A un mese dalle elezioni del 4 Marzo possiamo dire che esse sono state un punto di svolta della politica italiana traghettandola definitivamente nell’era della modernità liquida o post-modernità.

Baumann, nei suoi numerosi saggi, identifica nella modernità liquida il periodo storico in cui stiamo vivendo caratterizzato da un lato dalla scomparsa di tutte le istituzioni “solide” dalla fabbrica allo stato, istituzioni con regole ben precise che regolavano la vita degli uomini, dall’altro da persone, formalmente liberate da queste regole, che vivono però una costante esperienza di insicurezza e precarietà perché lasciate ad affrontare da sole gli enormi problemi dell’età moderna, essendo spariti o depotenziati tutti i luoghi intermedi, partiti, sindacati, associazioni, capaci di incanalare in una direzione le aspirazioni e gli sforzi dei singoli.

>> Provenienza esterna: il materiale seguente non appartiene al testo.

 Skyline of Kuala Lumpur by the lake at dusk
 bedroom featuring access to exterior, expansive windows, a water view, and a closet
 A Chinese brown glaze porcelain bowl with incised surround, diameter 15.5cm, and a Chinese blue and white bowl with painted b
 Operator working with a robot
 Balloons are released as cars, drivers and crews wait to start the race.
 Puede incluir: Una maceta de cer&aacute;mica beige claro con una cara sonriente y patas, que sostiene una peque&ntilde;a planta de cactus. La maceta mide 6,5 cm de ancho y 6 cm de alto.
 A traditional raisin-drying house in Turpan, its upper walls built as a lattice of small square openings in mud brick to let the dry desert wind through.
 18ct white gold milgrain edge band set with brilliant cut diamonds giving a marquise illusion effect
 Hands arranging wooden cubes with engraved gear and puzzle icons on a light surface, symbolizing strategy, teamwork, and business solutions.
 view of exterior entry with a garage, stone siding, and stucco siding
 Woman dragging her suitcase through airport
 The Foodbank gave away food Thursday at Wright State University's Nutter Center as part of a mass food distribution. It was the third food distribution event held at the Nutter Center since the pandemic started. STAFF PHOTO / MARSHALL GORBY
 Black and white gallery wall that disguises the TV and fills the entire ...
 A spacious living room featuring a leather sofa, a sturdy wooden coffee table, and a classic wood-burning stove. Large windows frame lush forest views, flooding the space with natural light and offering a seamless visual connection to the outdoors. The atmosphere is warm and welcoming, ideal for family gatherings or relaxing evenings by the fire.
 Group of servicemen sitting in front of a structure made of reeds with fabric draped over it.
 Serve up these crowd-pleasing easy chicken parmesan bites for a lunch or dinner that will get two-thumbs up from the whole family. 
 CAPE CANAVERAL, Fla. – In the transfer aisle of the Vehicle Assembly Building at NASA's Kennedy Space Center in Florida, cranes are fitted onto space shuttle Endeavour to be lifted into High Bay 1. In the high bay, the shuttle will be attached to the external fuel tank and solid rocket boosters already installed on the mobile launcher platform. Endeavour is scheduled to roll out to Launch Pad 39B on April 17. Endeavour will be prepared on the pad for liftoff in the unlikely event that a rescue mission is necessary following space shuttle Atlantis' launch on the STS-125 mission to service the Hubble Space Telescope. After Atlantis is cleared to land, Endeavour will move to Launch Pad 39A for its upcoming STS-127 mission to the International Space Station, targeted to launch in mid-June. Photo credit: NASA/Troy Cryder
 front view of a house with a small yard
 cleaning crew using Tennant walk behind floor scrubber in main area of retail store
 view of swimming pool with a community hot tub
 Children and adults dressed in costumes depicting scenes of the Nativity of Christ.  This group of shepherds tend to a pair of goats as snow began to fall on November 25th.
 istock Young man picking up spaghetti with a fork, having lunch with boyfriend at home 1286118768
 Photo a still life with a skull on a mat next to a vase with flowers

Inoltre le persone essendo o sentendosi formalmente libere di fronte alle infinite scelte che la società moderna gli offre vivono anche la frustrazione di non potere ottenere soddisfazione se non momentanea nel cogliere una di queste opportunità, perché subito dopo gliene saranno offerte innumerevoli altre.  In questo modo il cittadino si trasforma definitivamente in consumatore compulsivo, non solo di beni, ma anche di esperienze e di idee.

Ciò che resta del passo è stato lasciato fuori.